Descriptive analytics refers to traditional business intelligence (BI). It involves the collection and processing of historical data, and interpreting it to understand past events, without making forecasts about the future or attempting to predict what may happen next. Descriptive analytics uses simpler data visualizations that help users understand the implications of the results quickly and easily, like line graphs, bar graphs, and pie charts, rather than the more complex, multi-dimensional models produced by advanced analytics.

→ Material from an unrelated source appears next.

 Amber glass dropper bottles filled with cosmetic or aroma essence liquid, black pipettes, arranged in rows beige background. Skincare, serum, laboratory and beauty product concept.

Descriptive analytics includes most social media analytics, like page views, response time, or engagement rate. It’s often the foundation for more complex analytics further down the line. Descriptive analytics still requires users to set metrics, aggregate data, clean and process the data for use, and present it in an accessible format, although most modern BI tools automate many of these tasks.
Descriptive analytics has the advantage of being relatively easy and quick to apply, making it useful for day to day operations, producing financial reports, managing marketing strategies, and tracking inventory and sales. Employees can usually access descriptive analytics without much, or any, training, lowering the bar to entry and democratizing the availability of relevant business insights. It helps businesses to measure progress, check that goals are being met, and identify areas that need improvement. However, descriptive analytics solutions only scratch the surface of data insights and can’t dig deeper into data intelligence.
It’s hard to think of any business, no matter how big or small it is or what vertical it relates to, that does not make use of descriptive analytics. Descriptive analytics use cases include refining marketing campaigns by tracking engagement and conversion rates; tracking sales levels through different seasons; and comparing revenue and profits to keep the business on track.
Analytics Keep on Evolving
Advanced analytics, predictive analytics, and descriptive analytics all have their role to play in different business use cases. By helping companies and business leaders to understand past events, predict possibilities for the future, and compare patterns, different types of analytics solutions can improve data-driven business decision-making and bring value to your company.